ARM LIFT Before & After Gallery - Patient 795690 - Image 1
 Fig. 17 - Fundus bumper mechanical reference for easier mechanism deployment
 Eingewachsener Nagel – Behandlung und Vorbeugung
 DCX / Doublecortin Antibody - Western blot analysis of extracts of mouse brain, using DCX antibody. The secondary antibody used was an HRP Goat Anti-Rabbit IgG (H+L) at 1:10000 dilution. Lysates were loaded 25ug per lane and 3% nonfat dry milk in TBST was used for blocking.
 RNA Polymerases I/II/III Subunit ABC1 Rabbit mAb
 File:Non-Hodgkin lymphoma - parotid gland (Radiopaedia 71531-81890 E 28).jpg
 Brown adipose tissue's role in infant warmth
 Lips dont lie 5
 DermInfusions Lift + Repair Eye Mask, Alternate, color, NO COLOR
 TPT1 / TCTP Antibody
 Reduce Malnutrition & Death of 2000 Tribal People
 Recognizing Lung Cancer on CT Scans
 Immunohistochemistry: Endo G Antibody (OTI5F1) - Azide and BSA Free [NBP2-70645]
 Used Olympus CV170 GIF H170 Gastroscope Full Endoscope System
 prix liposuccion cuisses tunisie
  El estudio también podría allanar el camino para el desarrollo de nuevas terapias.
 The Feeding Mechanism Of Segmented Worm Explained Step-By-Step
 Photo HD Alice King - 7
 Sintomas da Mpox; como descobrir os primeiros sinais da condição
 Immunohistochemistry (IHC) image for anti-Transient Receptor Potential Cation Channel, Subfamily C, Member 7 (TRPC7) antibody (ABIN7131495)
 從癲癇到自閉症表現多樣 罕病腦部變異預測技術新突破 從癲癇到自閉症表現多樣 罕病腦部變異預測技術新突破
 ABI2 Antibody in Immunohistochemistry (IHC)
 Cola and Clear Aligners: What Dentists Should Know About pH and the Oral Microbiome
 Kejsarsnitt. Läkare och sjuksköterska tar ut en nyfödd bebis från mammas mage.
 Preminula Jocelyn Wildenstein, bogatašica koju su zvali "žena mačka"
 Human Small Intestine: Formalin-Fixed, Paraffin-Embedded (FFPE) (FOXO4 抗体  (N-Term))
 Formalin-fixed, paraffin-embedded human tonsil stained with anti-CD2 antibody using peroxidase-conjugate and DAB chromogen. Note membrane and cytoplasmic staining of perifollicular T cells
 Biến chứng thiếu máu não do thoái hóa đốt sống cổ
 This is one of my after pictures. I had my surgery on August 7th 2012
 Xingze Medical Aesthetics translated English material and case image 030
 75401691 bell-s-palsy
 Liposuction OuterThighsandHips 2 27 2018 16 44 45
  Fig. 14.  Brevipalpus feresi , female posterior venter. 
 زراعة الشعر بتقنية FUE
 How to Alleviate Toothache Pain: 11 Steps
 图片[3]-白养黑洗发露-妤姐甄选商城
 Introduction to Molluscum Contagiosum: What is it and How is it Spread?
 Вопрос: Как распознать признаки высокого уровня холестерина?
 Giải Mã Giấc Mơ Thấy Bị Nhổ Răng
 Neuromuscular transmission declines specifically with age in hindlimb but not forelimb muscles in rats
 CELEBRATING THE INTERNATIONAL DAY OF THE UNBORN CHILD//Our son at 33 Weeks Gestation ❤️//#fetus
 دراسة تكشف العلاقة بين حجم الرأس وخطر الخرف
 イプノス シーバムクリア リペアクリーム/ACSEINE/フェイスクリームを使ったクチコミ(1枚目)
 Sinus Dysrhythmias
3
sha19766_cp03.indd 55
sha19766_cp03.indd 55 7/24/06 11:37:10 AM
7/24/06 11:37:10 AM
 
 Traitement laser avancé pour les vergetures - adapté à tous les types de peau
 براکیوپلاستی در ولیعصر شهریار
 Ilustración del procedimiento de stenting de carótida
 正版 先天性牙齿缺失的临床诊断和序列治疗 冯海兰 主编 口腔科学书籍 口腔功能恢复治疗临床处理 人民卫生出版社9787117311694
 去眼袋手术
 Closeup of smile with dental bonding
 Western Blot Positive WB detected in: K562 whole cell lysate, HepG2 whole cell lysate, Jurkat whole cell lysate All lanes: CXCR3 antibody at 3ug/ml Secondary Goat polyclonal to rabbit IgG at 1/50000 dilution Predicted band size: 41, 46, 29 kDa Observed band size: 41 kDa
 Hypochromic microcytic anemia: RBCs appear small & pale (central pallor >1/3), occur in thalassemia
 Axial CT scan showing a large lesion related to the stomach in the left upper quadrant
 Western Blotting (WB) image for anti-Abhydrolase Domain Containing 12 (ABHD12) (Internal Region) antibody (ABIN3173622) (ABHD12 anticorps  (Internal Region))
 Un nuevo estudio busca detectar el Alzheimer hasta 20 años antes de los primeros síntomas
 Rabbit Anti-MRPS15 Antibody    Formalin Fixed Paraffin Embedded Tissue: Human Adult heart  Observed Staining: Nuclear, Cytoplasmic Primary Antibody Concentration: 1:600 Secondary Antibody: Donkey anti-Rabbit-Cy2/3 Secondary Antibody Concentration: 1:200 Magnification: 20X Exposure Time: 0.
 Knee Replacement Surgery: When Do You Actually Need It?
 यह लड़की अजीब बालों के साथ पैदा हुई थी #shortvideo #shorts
——
**WORK TASK:** Each line of the listing is to be printed again, unchanged.

**PROBLEM SOLUTION:**
ARM LIFT Before & After Gallery - Patient 795690 - Image 1
 Fig. 17 - Fundus bumper mechanical reference for easier mechanism deployment
 Eingewachsener Nagel – Behandlung und Vorbeugung
 DCX / Doublecortin Antibody - Western blot analysis of extracts of mouse brain, using DCX antibody. The secondary antibody used was an HRP Goat Anti-Rabbit IgG (H+L) at 1:10000 dilution. Lysates were loaded 25ug per lane and 3% nonfat dry milk in TBST was used for blocking.
 RNA Polymerases I/II/III Subunit ABC1 Rabbit mAb
 File:Non-Hodgkin lymphoma - parotid gland (Radiopaedia 71531-81890 E 28).jpg
 Brown adipose tissue's role in infant warmth
 Lips dont lie 5
 DermInfusions Lift + Repair Eye Mask, Alternate, color, NO COLOR
 TPT1 / TCTP Antibody
 Reduce Malnutrition & Death of 2000 Tribal People
 Recognizing Lung Cancer on CT Scans
 Immunohistochemistry: Endo G Antibody (OTI5F1) - Azide and BSA Free [NBP2-70645]
 Used Olympus CV170 GIF H170 Gastroscope Full Endoscope System
 prix liposuccion cuisses tunisie
  El estudio también podría allanar el camino para el desarrollo de nuevas terapias.
 The Feeding Mechanism Of Segmented Worm Explained Step-By-Step
 Photo HD Alice King - 7
 Sintomas da Mpox; como descobrir os primeiros sinais da condição
 Immunohistochemistry (IHC) image for anti-Transient Receptor Potential Cation Channel, Subfamily C, Member 7 (TRPC7) antibody (ABIN7131495)
 從癲癇到自閉症表現多樣 罕病腦部變異預測技術新突破 從癲癇到自閉症表現多樣 罕病腦部變異預測技術新突破
 ABI2 Antibody in Immunohistochemistry (IHC)
 Cola and Clear Aligners: What Dentists Should Know About pH and the Oral Microbiome
 Kejsarsnitt. Läkare och sjuksköterska tar ut en nyfödd bebis från mammas mage.
 Preminula Jocelyn Wildenstein, bogatašica koju su zvali "žena mačka"
 Human Small Intestine: Formalin-Fixed, Paraffin-Embedded (FFPE) (FOXO4 抗体  (N-Term))
 Formalin-fixed, paraffin-embedded human tonsil stained with anti-CD2 antibody using peroxidase-conjugate and DAB chromogen. Note membrane and cytoplasmic staining of perifollicular T cells
 Biến chứng thiếu máu não do thoái hóa đốt sống cổ
 This is one of my after pictures. I had my surgery on August 7th 2012
 Xingze Medical Aesthetics translated English material and case image 030
 75401691 bell-s-palsy
 Liposuction OuterThighsandHips 2 27 2018 16 44 45
  Fig. 14.  Brevipalpus feresi , female posterior venter. 
 زراعة الشعر بتقنية FUE
 How to Alleviate Toothache Pain: 11 Steps
 图片[3]-白养黑洗发露-妤姐甄选商城
 Introduction to Molluscum Contagiosum: What is it and How is it Spread?
 Вопрос: Как распознать признаки высокого уровня холестерина?
 Giải Mã Giấc Mơ Thấy Bị Nhổ Răng
 Neuromuscular transmission declines specifically with age in hindlimb but not forelimb muscles in rats
 CELEBRATING THE INTERNATIONAL DAY OF THE UNBORN CHILD//Our son at 33 Weeks Gestation ❤️//#fetus
 دراسة تكشف العلاقة بين حجم الرأس وخطر الخرف
 イプノス シーバムクリア リペアクリーム/ACSEINE/フェイスクリームを使ったクチコミ(1枚目)
 Sinus Dysrhythmias
3
sha19766_cp03.indd 55
sha19766_cp03.indd 55 7/24/06 11:37:10 AM
7/24/06 11:37:10 AM
 
 Traitement laser avancé pour les vergetures - adapté à tous les types de peau
 براکیوپلاستی در ولیعصر شهریار
 Ilustración del procedimiento de stenting de carótida
 正版 先天性牙齿缺失的临床诊断和序列治疗 冯海兰 主编 口腔科学书籍 口腔功能恢复治疗临床处理 人民卫生出版社9787117311694
 去眼袋手术
 Closeup of smile with dental bonding
 Western Blot Positive WB detected in: K562 whole cell lysate, HepG2 whole cell lysate, Jurkat whole cell lysate All lanes: CXCR3 antibody at 3ug/ml Secondary Goat polyclonal to rabbit IgG at 1/50000 dilution Predicted band size: 41, 46, 29 kDa Observed band size: 41 kDa
 Hypochromic microcytic anemia: RBCs appear small & pale (central pallor >1/3), occur in thalassemia
 Axial CT scan showing a large lesion related to the stomach in the left upper quadrant
 Western Blotting (WB) image for anti-Abhydrolase Domain Containing 12 (ABHD12) (Internal Region) antibody (ABIN3173622) (ABHD12 anticorps  (Internal Region))
 Un nuevo estudio busca detectar el Alzheimer hasta 20 años antes de los primeros síntomas
 Rabbit Anti-MRPS15 Antibody    Formalin Fixed Paraffin Embedded Tissue: Human Adult heart  Observed Staining: Nuclear, Cytoplasmic Primary Antibody Concentration: 1:600 Secondary Antibody: Donkey anti-Rabbit-Cy2/3 Secondary Antibody Concentration: 1:200 Magnification: 20X Exposure Time: 0.
 Knee Replacement Surgery: When Do You Actually Need It?
 यह लड़की अजीब बालों के साथ पैदा हुई थी #shortvideo #shorts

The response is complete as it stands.